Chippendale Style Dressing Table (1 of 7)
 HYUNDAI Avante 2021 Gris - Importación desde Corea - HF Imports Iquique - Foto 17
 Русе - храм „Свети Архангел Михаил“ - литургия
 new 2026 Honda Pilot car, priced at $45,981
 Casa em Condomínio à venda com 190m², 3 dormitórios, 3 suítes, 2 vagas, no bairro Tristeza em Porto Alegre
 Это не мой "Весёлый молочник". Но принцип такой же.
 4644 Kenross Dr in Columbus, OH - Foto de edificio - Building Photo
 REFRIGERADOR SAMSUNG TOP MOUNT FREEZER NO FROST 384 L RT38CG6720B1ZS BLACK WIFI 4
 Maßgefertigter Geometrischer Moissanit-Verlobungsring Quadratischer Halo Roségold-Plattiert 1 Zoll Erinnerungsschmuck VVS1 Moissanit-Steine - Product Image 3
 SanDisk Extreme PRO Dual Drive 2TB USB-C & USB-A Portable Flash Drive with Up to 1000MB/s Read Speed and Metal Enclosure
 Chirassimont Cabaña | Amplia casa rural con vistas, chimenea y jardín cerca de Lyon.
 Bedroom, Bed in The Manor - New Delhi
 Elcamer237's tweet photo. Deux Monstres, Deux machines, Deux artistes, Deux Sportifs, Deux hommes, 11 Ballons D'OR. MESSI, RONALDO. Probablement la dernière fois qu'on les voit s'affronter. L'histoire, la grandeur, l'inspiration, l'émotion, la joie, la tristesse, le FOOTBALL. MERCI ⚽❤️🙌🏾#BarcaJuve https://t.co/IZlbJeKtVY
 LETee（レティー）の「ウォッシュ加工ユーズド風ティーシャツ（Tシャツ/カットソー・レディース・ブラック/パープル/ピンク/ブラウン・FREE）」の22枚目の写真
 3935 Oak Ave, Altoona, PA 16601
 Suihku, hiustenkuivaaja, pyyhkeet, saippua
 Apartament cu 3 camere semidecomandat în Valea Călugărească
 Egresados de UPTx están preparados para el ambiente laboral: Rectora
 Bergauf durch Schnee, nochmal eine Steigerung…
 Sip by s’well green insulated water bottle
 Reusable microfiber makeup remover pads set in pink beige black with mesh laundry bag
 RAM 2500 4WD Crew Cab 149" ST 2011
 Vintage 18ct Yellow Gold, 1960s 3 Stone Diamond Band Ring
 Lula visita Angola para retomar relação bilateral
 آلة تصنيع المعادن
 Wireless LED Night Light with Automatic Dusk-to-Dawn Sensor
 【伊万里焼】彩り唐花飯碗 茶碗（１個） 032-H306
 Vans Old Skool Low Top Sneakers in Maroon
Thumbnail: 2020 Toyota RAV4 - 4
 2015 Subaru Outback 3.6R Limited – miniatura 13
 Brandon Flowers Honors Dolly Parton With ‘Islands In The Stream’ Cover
◇ ◇ ◇ ◇
#### [AIM OF THE EXERCISE]
Only the lines containing "Foto" are needed; pull them out of the listing.

#### [EXERCISE RESPONSE]
 HYUNDAI Avante 2021 Gris - Importación desde Corea - HF Imports Iquique - Foto 17
 4644 Kenross Dr in Columbus, OH - Foto de edificio - Building Photo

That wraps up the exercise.